Da er auf diese Weise beim letzten Kauf gute Erfahrungen gemacht hatte, achtete er sich während des Blickestreifens, was gerade vom Geschäft abgespielt wurde. Er blieb an diesen bekannten Klängen gleich hängen, dieser Rockstimme mit Vibrato, den Moog-Synthesizern. Noch sah er sich ein Regal an, aber dann lies ihn der Sound nicht mehr los und er strebte stracks auf den Ladenraum zu, wo ein Verkäufer sein Büro etc. hatte. "Was lassen Sie gerade abspielen? Das ist mir bekannt, aber ich komme nicht darauf? Das kennt man doch." Der Verkäufer drehte auf der Theke lapidar einen CD-Umschlag rum. Uriah Heep - aus den Lautsprechern begann 'Easy Livin'. "Yeah, die muss ich haben." Der Verkaufsmitarbeiter, sportlich, doch in den Jahren wie er selbst, begleitete ihn motiviert, als ob man sich verstünde, zu einem Regal, wo Neuauflagen für "Fünf Euros" angeboten wurden: Thin Lizzy, Procol Harum, Deep Purple, Uriah Heep, Status Quo, etc. Klar griff er sich die Uriah Heep CD und weil er sich in seiner kindlichen Jugend, also mit ca. 12 - 15 Jahren nie eine Status Quo gekauft hatte, tat er es heute, schier 40 Jahre später, die fünf Euros war ihm das Abenteuer wert.

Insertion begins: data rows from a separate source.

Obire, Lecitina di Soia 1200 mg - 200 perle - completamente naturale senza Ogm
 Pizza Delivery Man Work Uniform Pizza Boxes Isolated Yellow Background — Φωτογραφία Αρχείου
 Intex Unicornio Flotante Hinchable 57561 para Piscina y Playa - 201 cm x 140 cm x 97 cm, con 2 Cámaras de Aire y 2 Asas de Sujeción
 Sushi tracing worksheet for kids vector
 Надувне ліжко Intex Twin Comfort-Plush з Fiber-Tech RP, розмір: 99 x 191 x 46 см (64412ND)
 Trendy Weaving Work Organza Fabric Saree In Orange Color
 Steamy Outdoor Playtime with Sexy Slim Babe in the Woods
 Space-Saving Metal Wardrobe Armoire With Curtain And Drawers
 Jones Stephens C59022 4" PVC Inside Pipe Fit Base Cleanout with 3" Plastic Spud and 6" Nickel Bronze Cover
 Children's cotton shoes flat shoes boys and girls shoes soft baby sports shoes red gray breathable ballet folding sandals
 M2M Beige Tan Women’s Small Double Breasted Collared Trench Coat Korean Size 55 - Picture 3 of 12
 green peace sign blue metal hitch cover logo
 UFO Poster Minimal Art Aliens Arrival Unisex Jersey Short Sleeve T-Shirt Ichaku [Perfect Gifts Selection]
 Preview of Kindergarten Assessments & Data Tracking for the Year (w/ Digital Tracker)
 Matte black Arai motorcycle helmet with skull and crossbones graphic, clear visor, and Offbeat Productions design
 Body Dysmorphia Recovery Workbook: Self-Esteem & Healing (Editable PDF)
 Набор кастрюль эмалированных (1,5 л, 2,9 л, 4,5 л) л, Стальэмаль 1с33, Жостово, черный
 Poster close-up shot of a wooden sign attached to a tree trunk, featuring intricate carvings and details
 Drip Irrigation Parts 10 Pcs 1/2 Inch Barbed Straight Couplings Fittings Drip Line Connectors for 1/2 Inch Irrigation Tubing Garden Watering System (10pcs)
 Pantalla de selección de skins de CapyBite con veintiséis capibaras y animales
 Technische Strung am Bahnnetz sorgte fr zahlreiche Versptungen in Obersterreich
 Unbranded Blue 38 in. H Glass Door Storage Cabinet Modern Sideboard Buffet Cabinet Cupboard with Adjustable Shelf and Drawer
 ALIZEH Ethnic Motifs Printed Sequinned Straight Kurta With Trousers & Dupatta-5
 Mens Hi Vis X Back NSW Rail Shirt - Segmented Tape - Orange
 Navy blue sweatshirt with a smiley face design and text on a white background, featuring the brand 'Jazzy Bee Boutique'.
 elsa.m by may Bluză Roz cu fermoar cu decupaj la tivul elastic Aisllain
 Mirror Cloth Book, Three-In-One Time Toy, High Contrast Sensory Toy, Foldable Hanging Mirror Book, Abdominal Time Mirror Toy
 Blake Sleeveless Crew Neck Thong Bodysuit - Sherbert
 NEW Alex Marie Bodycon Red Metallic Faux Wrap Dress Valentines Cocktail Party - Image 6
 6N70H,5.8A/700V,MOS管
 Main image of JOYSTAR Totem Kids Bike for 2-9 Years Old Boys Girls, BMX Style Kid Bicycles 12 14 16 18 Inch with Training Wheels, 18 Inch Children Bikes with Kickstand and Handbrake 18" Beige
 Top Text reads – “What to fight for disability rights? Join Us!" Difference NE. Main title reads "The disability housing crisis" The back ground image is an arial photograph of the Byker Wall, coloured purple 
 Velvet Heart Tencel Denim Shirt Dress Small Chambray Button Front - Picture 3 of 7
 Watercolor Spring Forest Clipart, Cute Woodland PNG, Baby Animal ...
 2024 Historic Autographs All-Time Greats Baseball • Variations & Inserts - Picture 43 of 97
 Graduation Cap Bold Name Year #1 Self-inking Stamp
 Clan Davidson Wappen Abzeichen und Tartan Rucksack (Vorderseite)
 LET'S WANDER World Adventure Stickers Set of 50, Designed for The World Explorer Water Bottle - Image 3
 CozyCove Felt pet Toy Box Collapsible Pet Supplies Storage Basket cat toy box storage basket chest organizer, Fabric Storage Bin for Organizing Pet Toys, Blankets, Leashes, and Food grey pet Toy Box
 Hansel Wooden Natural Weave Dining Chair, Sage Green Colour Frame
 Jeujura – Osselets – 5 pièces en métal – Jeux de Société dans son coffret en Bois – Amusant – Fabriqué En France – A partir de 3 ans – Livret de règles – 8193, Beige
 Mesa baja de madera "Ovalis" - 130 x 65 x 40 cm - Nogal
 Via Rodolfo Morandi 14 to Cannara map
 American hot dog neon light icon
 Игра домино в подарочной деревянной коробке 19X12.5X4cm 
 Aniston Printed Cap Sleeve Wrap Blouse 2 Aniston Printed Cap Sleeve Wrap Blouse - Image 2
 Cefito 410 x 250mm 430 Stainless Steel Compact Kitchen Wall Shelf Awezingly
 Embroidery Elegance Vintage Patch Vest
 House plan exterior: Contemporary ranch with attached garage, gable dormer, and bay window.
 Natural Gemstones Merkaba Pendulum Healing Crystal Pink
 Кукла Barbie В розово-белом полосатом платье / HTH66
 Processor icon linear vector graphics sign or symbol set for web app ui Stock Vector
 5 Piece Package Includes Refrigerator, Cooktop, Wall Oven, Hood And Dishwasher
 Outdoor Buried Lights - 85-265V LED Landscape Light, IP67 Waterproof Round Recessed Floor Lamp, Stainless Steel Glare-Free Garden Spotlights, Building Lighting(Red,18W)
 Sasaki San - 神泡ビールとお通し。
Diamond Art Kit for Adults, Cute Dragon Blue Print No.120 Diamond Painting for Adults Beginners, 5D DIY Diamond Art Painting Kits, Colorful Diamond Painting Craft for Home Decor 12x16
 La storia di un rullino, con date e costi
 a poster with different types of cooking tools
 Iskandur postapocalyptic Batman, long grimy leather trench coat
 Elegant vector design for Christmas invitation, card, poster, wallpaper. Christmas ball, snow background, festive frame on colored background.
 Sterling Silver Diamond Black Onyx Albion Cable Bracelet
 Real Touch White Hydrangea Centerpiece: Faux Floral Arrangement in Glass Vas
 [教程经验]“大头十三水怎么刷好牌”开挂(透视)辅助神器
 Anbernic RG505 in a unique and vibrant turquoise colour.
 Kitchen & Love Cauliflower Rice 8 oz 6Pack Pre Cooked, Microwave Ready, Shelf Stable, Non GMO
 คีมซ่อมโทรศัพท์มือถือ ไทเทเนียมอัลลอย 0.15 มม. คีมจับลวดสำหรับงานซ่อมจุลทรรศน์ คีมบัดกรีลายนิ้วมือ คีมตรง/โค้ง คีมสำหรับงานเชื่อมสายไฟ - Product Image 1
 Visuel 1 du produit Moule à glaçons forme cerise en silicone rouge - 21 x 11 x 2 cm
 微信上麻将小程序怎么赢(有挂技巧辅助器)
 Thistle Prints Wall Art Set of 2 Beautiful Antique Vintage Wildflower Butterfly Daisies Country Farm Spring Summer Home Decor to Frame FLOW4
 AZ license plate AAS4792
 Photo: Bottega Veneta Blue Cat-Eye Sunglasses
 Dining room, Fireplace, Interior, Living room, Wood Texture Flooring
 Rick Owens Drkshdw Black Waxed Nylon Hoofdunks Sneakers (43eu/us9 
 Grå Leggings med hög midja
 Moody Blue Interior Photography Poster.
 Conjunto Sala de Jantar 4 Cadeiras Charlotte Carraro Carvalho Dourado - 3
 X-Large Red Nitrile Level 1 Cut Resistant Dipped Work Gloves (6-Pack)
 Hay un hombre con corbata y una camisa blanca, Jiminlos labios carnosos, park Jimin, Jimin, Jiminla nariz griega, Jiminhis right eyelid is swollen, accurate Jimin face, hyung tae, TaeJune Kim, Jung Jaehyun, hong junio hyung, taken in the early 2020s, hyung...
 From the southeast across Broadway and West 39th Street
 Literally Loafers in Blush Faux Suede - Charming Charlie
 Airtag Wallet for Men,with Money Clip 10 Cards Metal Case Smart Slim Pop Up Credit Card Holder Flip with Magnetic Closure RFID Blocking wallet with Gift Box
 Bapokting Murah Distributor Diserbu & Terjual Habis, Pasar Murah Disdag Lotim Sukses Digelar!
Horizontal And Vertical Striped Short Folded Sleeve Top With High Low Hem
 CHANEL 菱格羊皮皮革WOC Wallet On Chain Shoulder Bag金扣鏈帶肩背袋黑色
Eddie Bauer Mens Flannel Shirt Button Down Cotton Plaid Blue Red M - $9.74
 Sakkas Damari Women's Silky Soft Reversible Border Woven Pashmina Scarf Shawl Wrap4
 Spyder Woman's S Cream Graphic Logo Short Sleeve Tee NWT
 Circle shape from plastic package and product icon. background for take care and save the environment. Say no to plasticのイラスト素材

Späte Neuzugänge / Bild: (c) bei Jona Jakob, privat

Er freute sich über die beiden Fundstücke und setzte seinen Check durch die Regale fort. Einen Verkaufstisch weiter stiess er nochmals auf den Verkäufer, der jemanden bediente. Zurückhaltung fehlte und so sprach seine Begeisterung: "Ich flippe schier aus, ich könnte hier wegen dem Sound abtanzen, so geil, das ist echt, was ich noch von früher kenne - danke nochmals für die Bedienung." Der Verkäufer nickte grinsend und in einer Mischung aus Jahrgang, Kenner und und Altersbruderschaft, die jenen späten Jahrgängen, die solche Musik nicht kennen lernten, etwas Verschworenes voraus hatte. Für die Musik musste  man entsprechenden Jahrgang haben. Prompt bestätigte der beratene, reifere Kunde in Shirt und Shorts, dass ja solcher Sound jetzt wieder angeboten würde, er möge das auch. - Dann gab es ein Doppelalbum Goa, aber das war für ihn eine spätere Zeit, als er zu Goa in Wäldern oder auf Gipfelhöhen sich mit dem Kosmos verband und durch die Nacht schwang. 

Seine Beste hatte sich um einen Wasserfilter für die Kaffeemaschine gekümmert und liess wissen, dass sie zurück zum Auto und zum Hund ginge und er solle doch einfach machen. Er fand die Kasse. Er hätte sich nicht weiter geachtet, wenn die Verkäuferin, sicher nicht viel jünger als er, nicht seine CDs so genau angeschaut hätte, nachlesend, was auf dem Cover bei Status Quo stand und bemerkte: "Die muss ich nachher auch noch haben, das war damals eine gute Zeit." Man verstand sich. Erneut fiel, diesmal von ihr, die Bemerkung, man müsse halt etwas Alter haben, um das noch zu kennen - ! Man verstand sich ohne grosse Worte und wünschte sich gegenseitig ein entspanntes Wochenende. 

Im Wagen legter er Status Quo gleich ein und erlebte eine Rückfahrt, die er sich so nicht ausgemalt hatte. Normalerweise war nur er es, der bei Musik mitging, aber diesmal und zu seiner freudigen Überraschung schwang seine Beste mit. Entzückt aber auch leicht mystisch verunsichert trieb er den satten Wagen über die Piste heimwärts, spürend, wie in dem Laden mal keine Jugend vortrat, sondern eine Energie der 60er-Jahrgänge das Klingen und Schwingen hatte, allem Kaltlicht zum Trotz, tief unter allem die Freude und das Gefühl für alten Rock. "What ever you want" - nur Headbangen zur Luftgitarre war am Steuer nicht drin. Passt schon, bei etwas Lautstärke. Und nix mehr von Abgeschlagenheit.